Lokalsport

Rund um die Platten wird es voller

Tischtennis Die Ligeneinteilung für die neue Saison führt wegen der geänderten Aufstiegsregelung zu mehr Mannschaften in den Spielklassen. Von Max Blon

Mehr Mannschaften, mehr Spiele: In der kommenden Saison werden viele Tischtennisligen über der Sollzahl liegen, was Teams angeht
Mehr Mannschaften, mehr Spiele: In der kommenden Saison werden viele Tischtennisligen über der Sollzahl liegen, was Teams angeht. Symbolbild: Jörg Bächle

Nach dem corona-bedingten Abbruch der Tischtennis-Saison 2019/20 steht die Klasseneinteilung für die kommende Runde fest - mit teils gravierenden Änderungen. Durch die geänderte Aufstiegsregelung, nach der alle Relegationsteilnehmer in der jeweils höheren Klasse starten dürfen, hat sich die Verteilung der Teams entsprechend verschoben.

Vor allem in den Verbandsspielklassen wird die Sollstärke von zehn Mannschaften oftmals überschritten. So muss sich der VfL Kirchheim als höchstklassigster Verein der Teckregion in der Oberliga gegen zehn Konkurrenten durchsetzen, was den Klassenerhalt nicht einfacher machen dürfte. Noch krasser trifft es die zweite Mannschaft des VfL: In der neuen Württembergliga, die aus der bisherigen Verbandsliga hervorgegangen ist, wollen im Herbst gleich zwölf Vereine an den Start gehen. Das bedeutet nicht nur mehr Fahrten zu Auswärtsspielen, sondern auch eine deutliche Verschärfung des Abstiegskampfes. Um wieder auf die Sollstärke von zehn Mannschaften zu kommen, müssen nämlich vier direkt absteigen.

Verschärfter Abstieg

Auch in der Landesliga starten neben dem VfL Kirchheim III, dem TV Hochdorf und dem SV Nabern neun weitere Teams. Dementsprechend wird es auch hier vier direkte Absteiger plus einen Relegationsteilnehmer geben. Für Aufsteiger Hochdorf wird das keine leichte Aufgabe, es verspricht auf der anderen Seite aber auch eine interessante Saison zu werden.

Keine Besonderheit gibt es dagegen in der Landesklasse, in der wie sonst auch zehn Mannschaften spielen werden.
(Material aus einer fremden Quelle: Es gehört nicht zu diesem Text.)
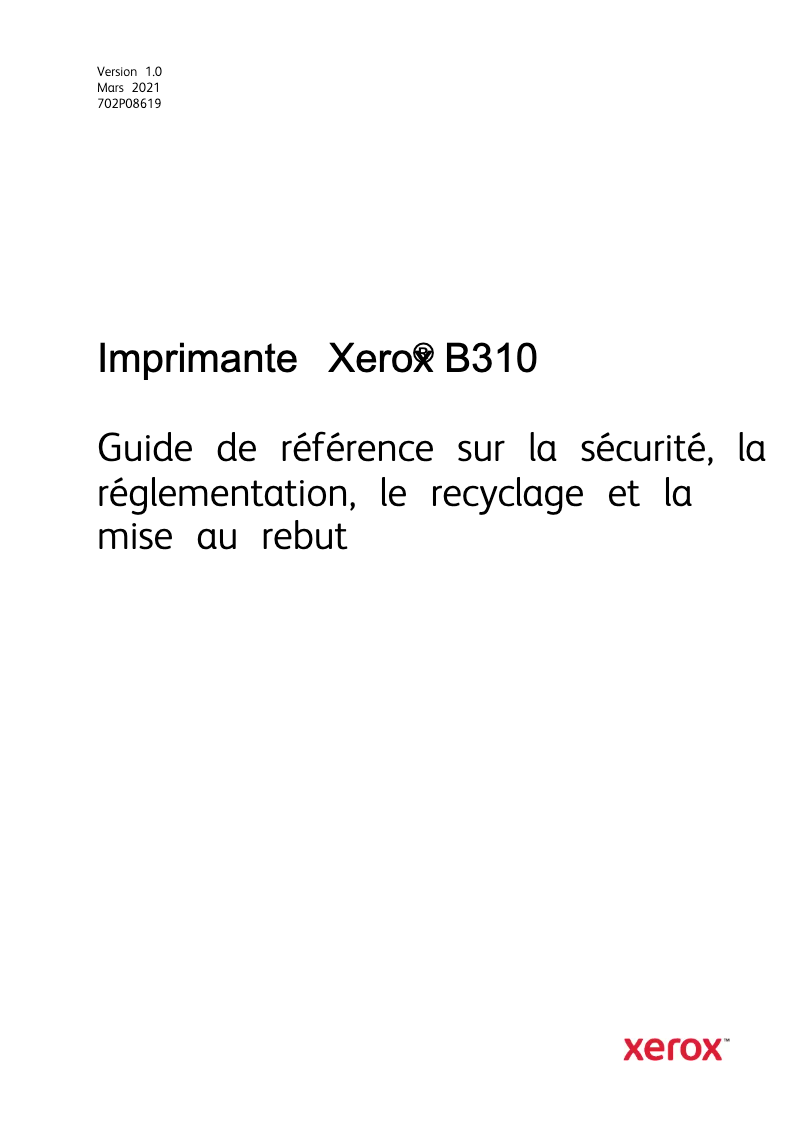 Image de la première page du manuel de l'appareil B310V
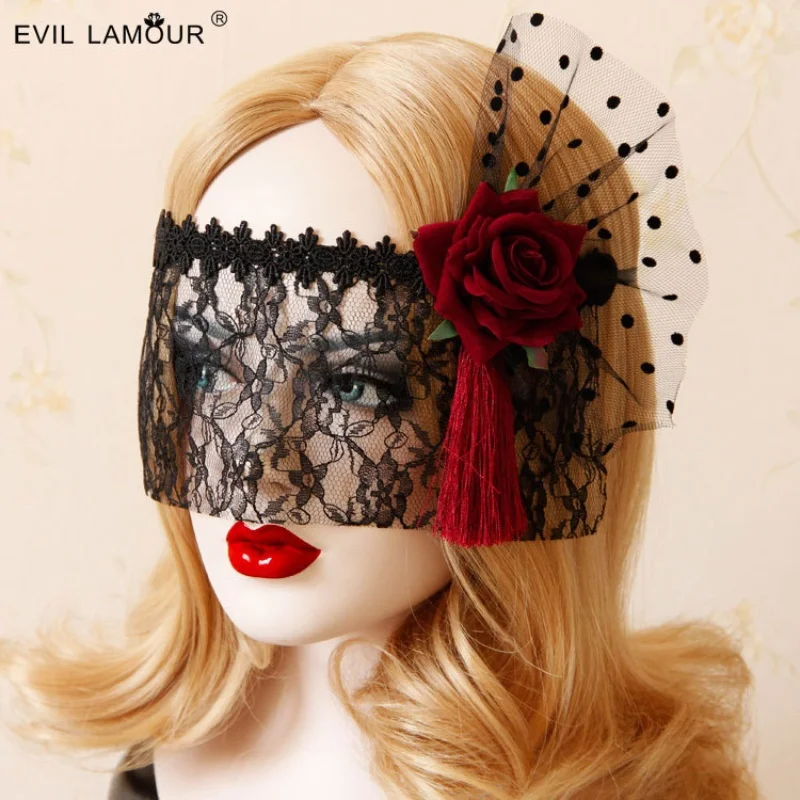 

Red rose lace mask singing and dance half face princess Halloween lace veil stall supply accessories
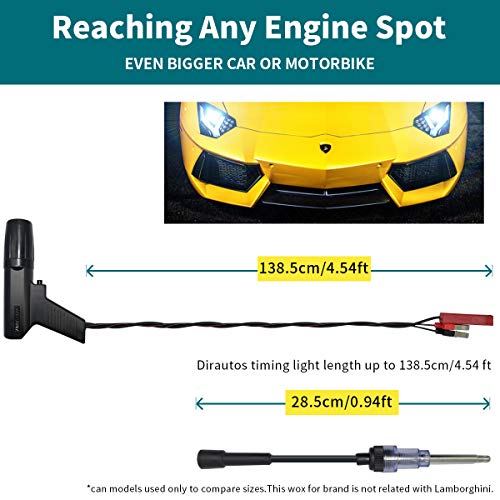 Engine Timing Light with Spark Plug Tester,Inductive Timing Light Gun Advance Timing Light Ignition Testers Engine Ignition Coil Tester for Car Motor Motorbike Vehicle Motorcycle Marine Lawnmower - Thumbnail 6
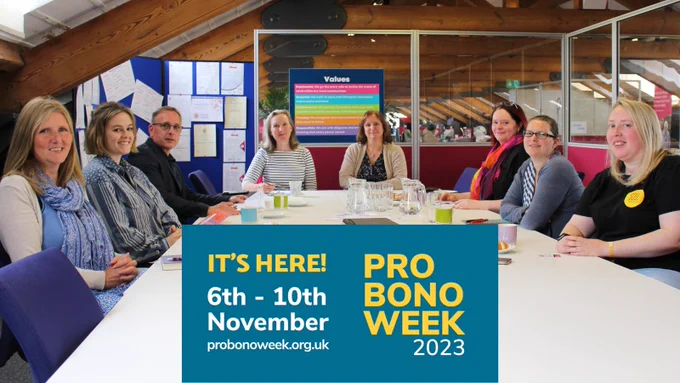 A group of people sit around a table at a fundraising advice breakfast with Richard Felton from Felton Fundraising. Text reads: It's HEre! 6th - 10th November Pro Bono Week 2023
Gleiches gilt für die Landesliga der Damen, bei denen die Sollstärke bei acht liegt.

In der Landesklasse wird diese sogar unterschritten, da aus der Bezirksliga Esslingen kein Verein aufsteigen wollte. Dadurch gehen in der höchsten Bezirksspielklasse mit Absteiger Reudern nun neun Damenmannschaften an den Start, sodass drei absteigen werden.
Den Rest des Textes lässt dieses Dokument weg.